Return all entries word for word, but drop any images.

-- Records for this exercise follows --

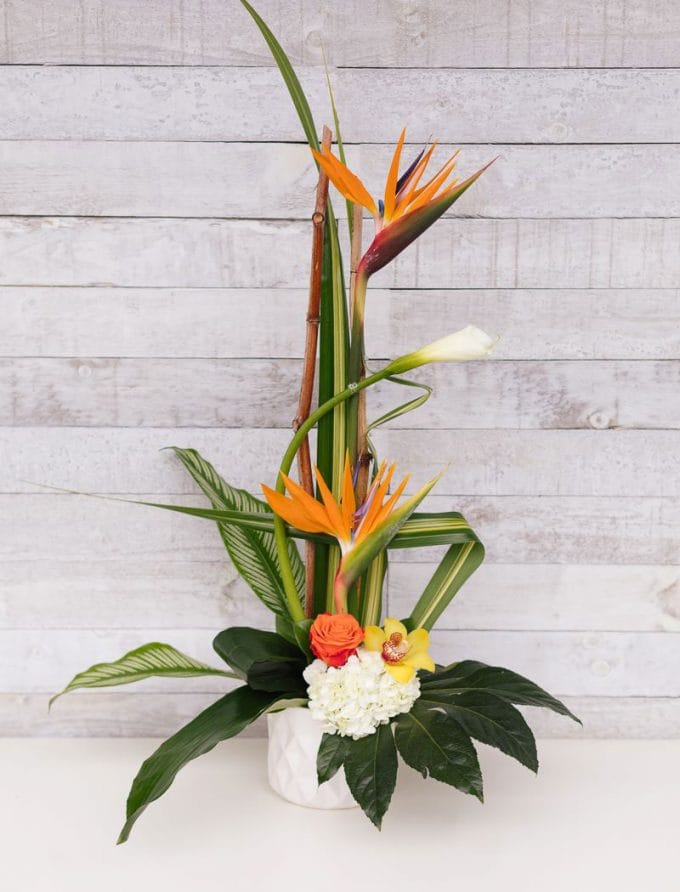 Arrangement floral dans un pot blanc - Oiseaux de paradis, fleurs et feuillage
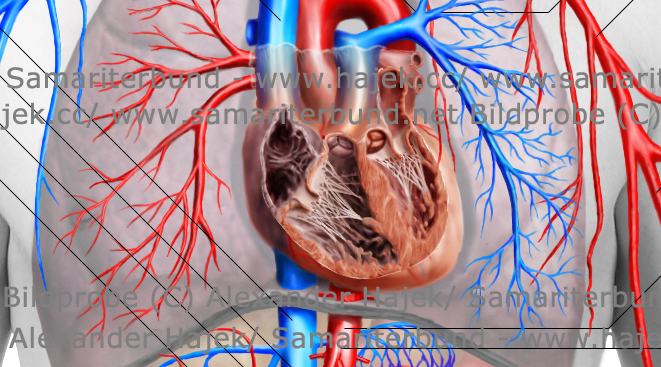 gallery of alexander hajek cardiovascular system detailed view 1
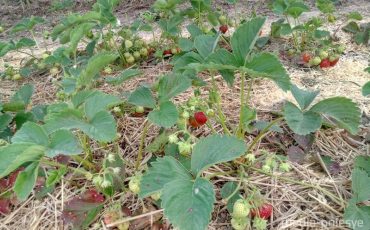 Клубничные плантации в понедельник 7 июня в открытом грунте.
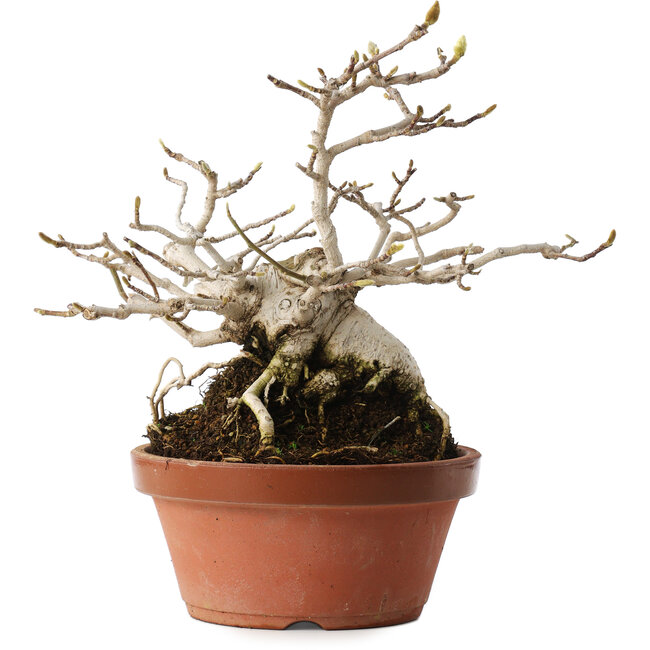 Magnolia stellata, 23,5 cm, ± 20 jaar oud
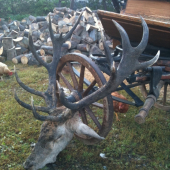 spomienka na jesen 2010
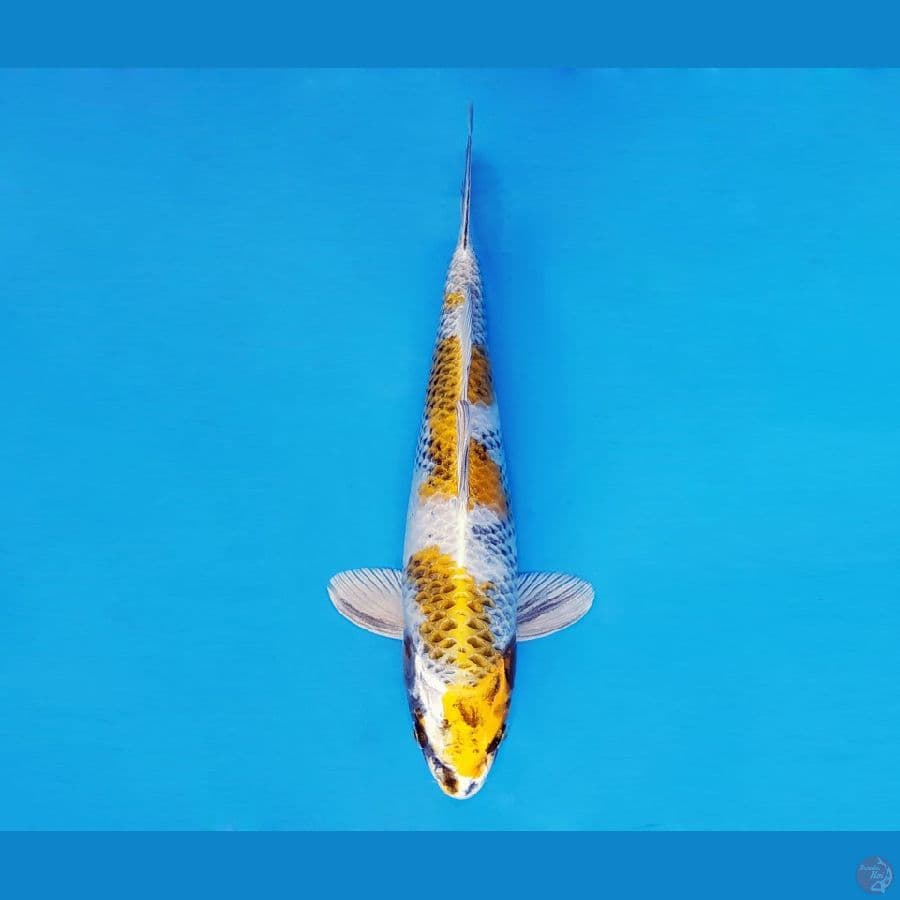 TORA 8 ~ Kin Showa 33 cm/fm ™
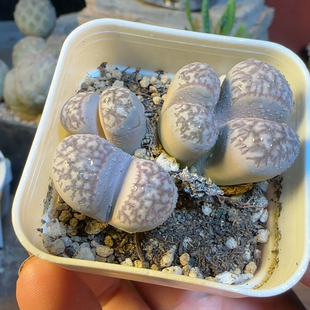 大津汇4头群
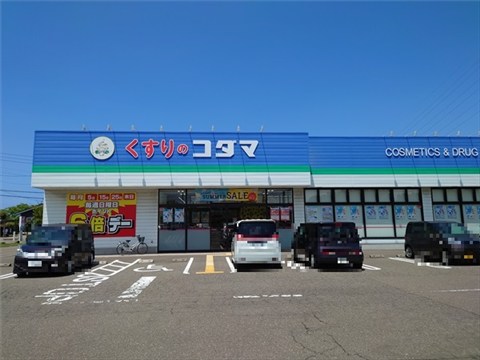 ドラックストア　くすりのコダマ上越国府店（ドラッグストア）まで800m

-- Records for this exercise concluded --

**Response**
 Arrangement floral dans un pot blanc - Oiseaux de paradis, fleurs et feuillage
 gallery of alexander hajek cardiovascular system detailed view 1
 Клубничные плантации в понедельник 7 июня в открытом грунте.
 Magnolia stellata, 23,5 cm, ± 20 jaar oud
 spomienka na jesen 2010
 TORA 8 ~ Kin Showa 33 cm/fm ™
 大津汇4头群
 ドラックストア　くすりのコダマ上越国府店（ドラッグストア）まで800m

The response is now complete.